> WORK TASK: Give back the full data character for character.

> GIVEN INFORMATION:
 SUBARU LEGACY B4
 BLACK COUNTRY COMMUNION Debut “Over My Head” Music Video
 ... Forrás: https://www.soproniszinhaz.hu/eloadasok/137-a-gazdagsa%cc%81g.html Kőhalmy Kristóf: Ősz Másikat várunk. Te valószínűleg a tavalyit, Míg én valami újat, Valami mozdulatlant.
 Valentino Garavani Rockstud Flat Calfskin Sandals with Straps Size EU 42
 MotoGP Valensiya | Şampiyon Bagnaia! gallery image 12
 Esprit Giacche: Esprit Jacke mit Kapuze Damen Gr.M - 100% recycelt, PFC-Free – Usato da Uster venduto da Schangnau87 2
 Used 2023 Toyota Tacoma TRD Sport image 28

> YOUR RESPONSE:
 SUBARU LEGACY B4
 BLACK COUNTRY COMMUNION Debut “Over My Head” Music Video
 ... Forrás: https://www.soproniszinhaz.hu/eloadasok/137-a-gazdagsa%cc%81g.html Kőhalmy Kristóf: Ősz Másikat várunk. Te valószínűleg a tavalyit, Míg én valami újat, Valami mozdulatlant.
 Valentino Garavani Rockstud Flat Calfskin Sandals with Straps Size EU 42
 MotoGP Valensiya | Şampiyon Bagnaia! gallery image 12
 Esprit Giacche: Esprit Jacke mit Kapuze Damen Gr.M - 100% recycelt, PFC-Free – Usato da Uster venduto da Schangnau87 2
 Used 2023 Toyota Tacoma TRD Sport image 28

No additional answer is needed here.